Your answer must be the exact lines from the one with "Elegant table setting" to the end of the data, both included, with no pictures.

◆ ◆ ◆ ◆ ◆

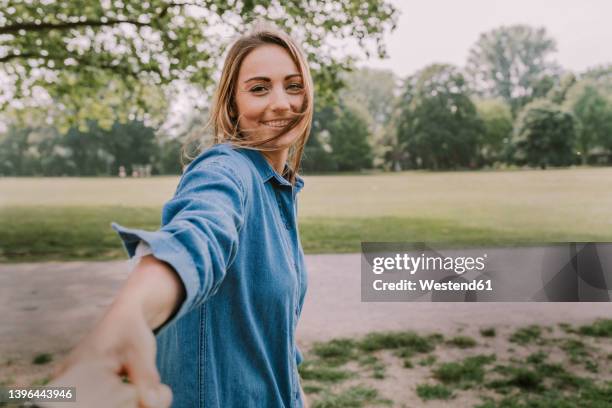 smiling young woman pulling friend's hand in park - röra mot bildbanksfoton och bilder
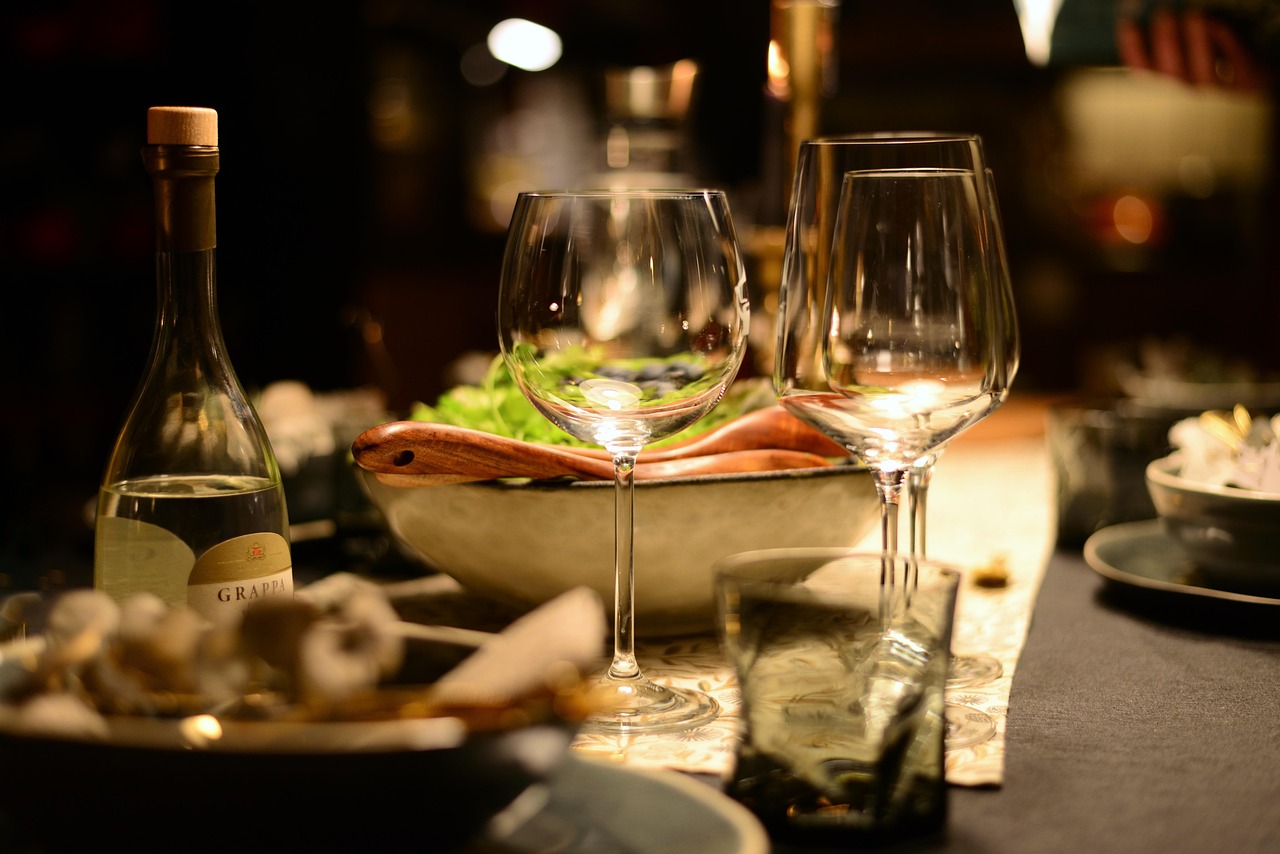 Elegant table setting featuring wine glasses and a bottle of grappa in Istanbul.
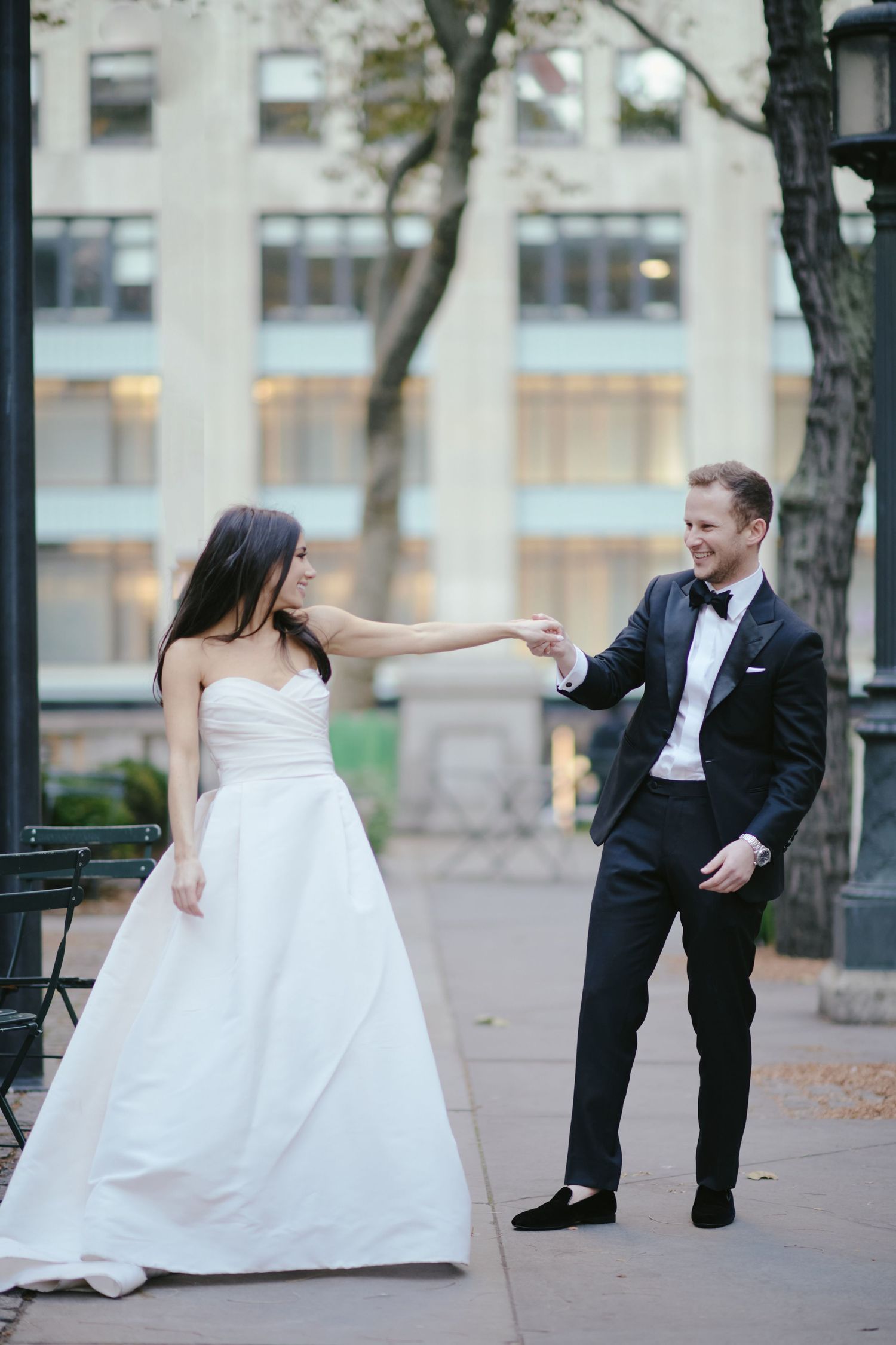 A couple in wedding attire playfully interact on a city sidewalk with trees and buildings in the background.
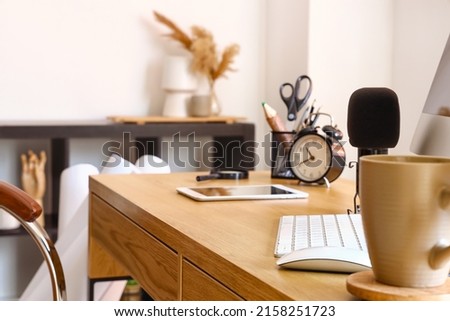 Closeup view of microphone, alarm clock and stationery on table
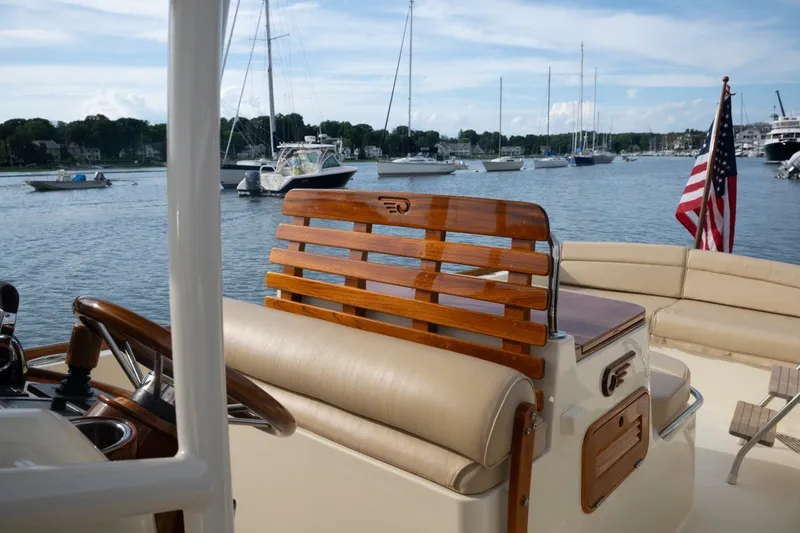 Slide: The Image of 2014 Hinckley Talaria 29C yacht interior with wooden accents, docked in a scenic marina. - 20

◆ ◆ ◆ ◆ ◆

**Worked solution:**
 Elegant table setting featuring wine glasses and a bottle of grappa in Istanbul.
 A couple in wedding attire playfully interact on a city sidewalk with trees and buildings in the background.
 Closeup view of microphone, alarm clock and stationery on table
 Slide: The Image of 2014 Hinckley Talaria 29C yacht interior with wooden accents, docked in a scenic marina. - 20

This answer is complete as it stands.